The UniProt Knowledgebase (UniProtKB) is the central hub for the collection of functional information on proteins, with accurate, consistent and rich annotation. In addition to capturing the core data mandatory for each UniProtKB entry (mainly, the amino acid sequence, protein name or description, taxonomic data and citation information), as much annotation information as possible is added. This includes widely accepted biological ontologies, classifications and cross-references, and clear indications of the quality of annotation in the form of evidence attribution of experimental and computational data.

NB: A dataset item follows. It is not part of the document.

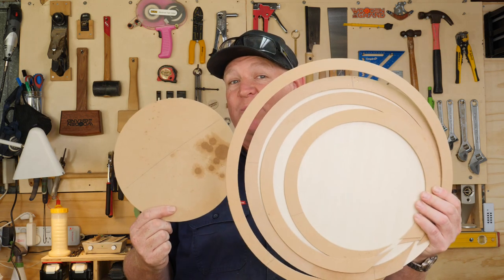Welcome to the very first Wouldn't It Be Grand offcuts videos — one of those short videos that you keep lying around because you're just not sure when it's going to become useful or handy to someone down the track. Over the next few months I've got a stack of projects that require me to cut a range of different sized circles out of wood.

The UniProt Knowledgebase consists of two sections: a section containing manually-annotated records with information extracted from literature and curator-evaluated computational analysis, and a section with computationally analyzed records that await full manual annotation. For the sake of continuity and name recognition, the two sections are referred to as "UniProtKB/Swiss-Prot" (reviewed, manually annotated) and "UniProtKB/TrEMBL" (unreviewed, automatically annotated), respectively.
Where do the protein sequences come from?
About 98 % of the protein sequences provided by UniProtKB are derived from the translation of the coding sequences (CDS) which have been submitted to the public nucleic acid databases, the EMBL-Bank/GenBank/DDBJ databases (INSDC). All these sequences, as well as the related data submitted by the authors, are automatically integrated into UniProtKB/TrEMBL.
What are the differences between UniProtKB/Swiss-Prot and UniProtKB/TrEMBL?
UniProtKB/TrEMBL (unreviewed) contains protein sequences associated with computationally generated annotation and large-scale functional characterization. UniProtKB/Swiss-Prot (reviewed) is a high quality manually annotated and non-redundant protein sequence database, which brings together experimental results, computed features and scientific conclusions.
How redundant are sequences in UniProtKB?
In order to have minimal redundancy and to improve sequence reliability, all protein sequences encoded by a same gene are merged into a single UniProtKB/Swiss-Prot entry. Differences found between various sequencing reports are analysed and fully described in the feature table (alternative splicing events, polymorphisms or conflicts for example). Once in UniProtKB/Swiss-Prot, a protein entry is removed from UniProtKB/TrEMBL.
What is manual annotation?
Manual annotation consists of a critical review of experimentally proven or computer-predicted data about each protein, including the protein sequences. Data are continuously updated by an expert team of biologists.
How are entry versions archived?
All changed UniProtKB entries are loaded into the UniSave Sequence/Annotation
Version Archive as part of the public four weekly UniProtKB releases.
Unlike UniProtKB, which contains only the latest Swiss-Prot and TrEMBL entry versions,
UniSave provides access to previous versions of these entries.
Archived versions of a UniProtKB entry are accessible through the History link located at the top of the entry view.